“The fault dear Brutus, is not in our stars,
But in ourselves, that we are underlings”
-Julius Caesar; Act I, Scene ii
The debate over whether Shakespeare did or did not write all the plays attributed him rages on in Academia. (Article Here) Of course the rest of the world simply shrugs and moves on. But there is a lesson to be learned from all this:
KEEP GOOD RECORDS!!!
It’s a few hundred years after the fact. There will most likely never be a resolution to this debate. It’s too late; after the fact is never the right time to go back and correct something. If that were the case, we’d all graduate with 4.0 GPAs. (Owing to our ability to go back and change all our wrong answers). If one looks at the controversy, the reasons for it quickly come into existence:
The only accurate records that exist from the 1600s are real estate and financial. Basing one’s opinion only on those records would be foolish; it’s entirely skewed.

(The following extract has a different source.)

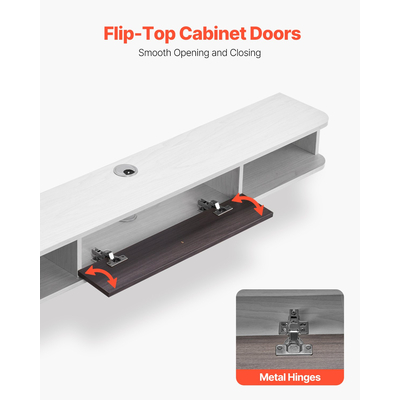 Βάση τηλεόρασης VEVOR 55 θέσεων για κέντρο ψυχαγωγίας με οπή καλωδίου, λευκό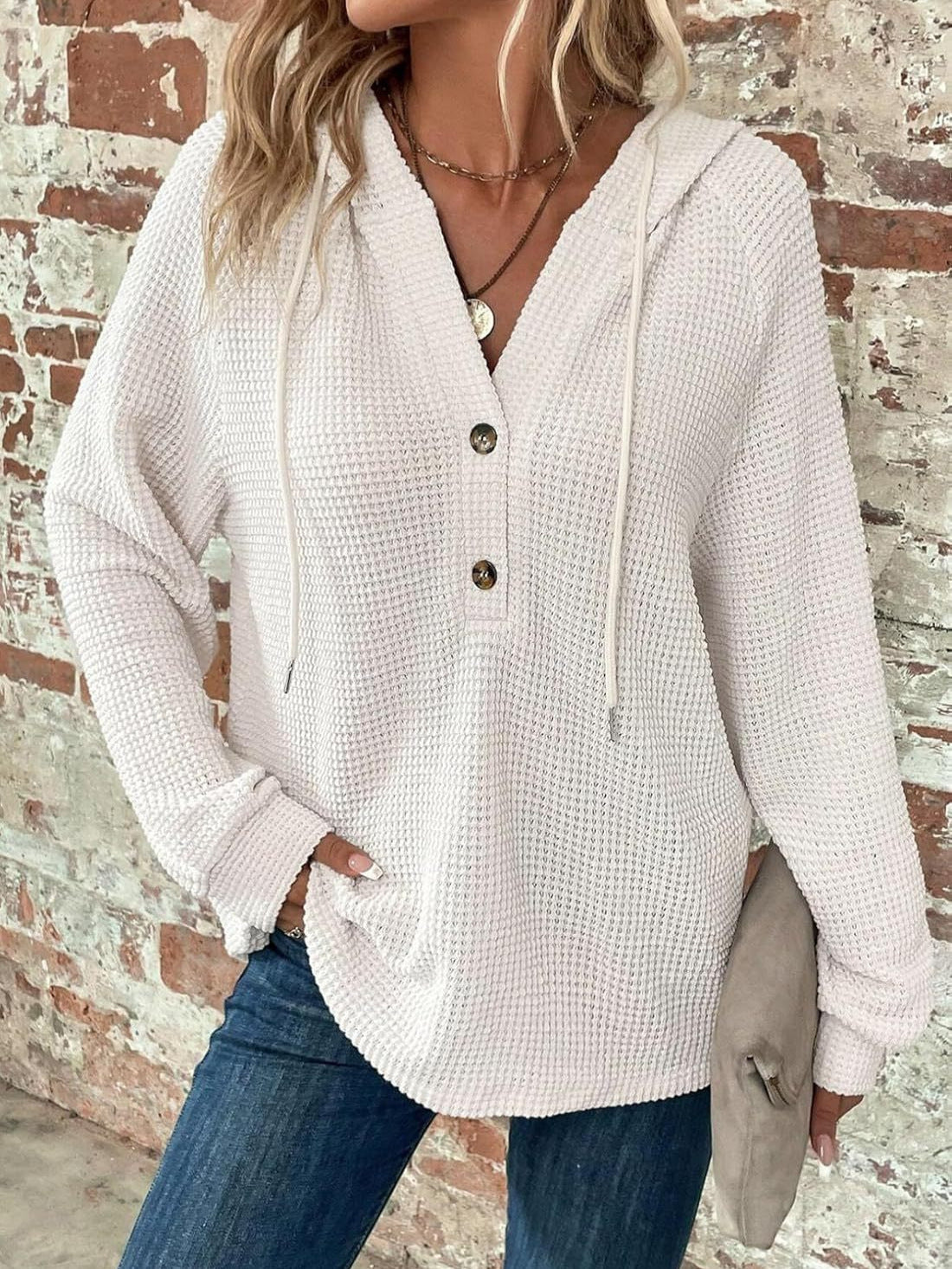 Cross-border New Women's Hoodie Knitted Drawstring Buttons V-neck Long Sleeve Pullover Casual Sports Sweatshirt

Secondly, there are no detailed notes for the writing of the plays. No handwriting samples, brain storming sessions, or anything. Just the finished works of Shakespeare.
Everything is left up to conjucture and hearsay at that point; combined with the viral, inflammatory nature of the internet and conspiracies are born a plenty.
For a modern example of this: Look at the recent financial meltdown. If one looks at Greece and others, they were able to hide debt. It effectively rendered their records incomplete. Because of this, a small run in foreclosures sparked the Great Recession. Had a fuller picture been available, things might have turned out differently. Again, this is hindsight.
If the records had been complete, and available, more than 12 people would have picked up on the dangers that derivatives and speculation posed. But as it stands today, using trickery and distraction caused the greatest financial crisis since the Great Depression.
While an economy can weather something of so grand a scale; a business or a homeowner, can not.
“Canst thou, O partial sleep, give thy repose
To the wet sea-boy in an hour so rude,
And in the calmest and most stillest night,
With all appliances and means to boot,
Deny it to a king? Then happy low, lie down!
Uneasy lies the head that wears a crown.”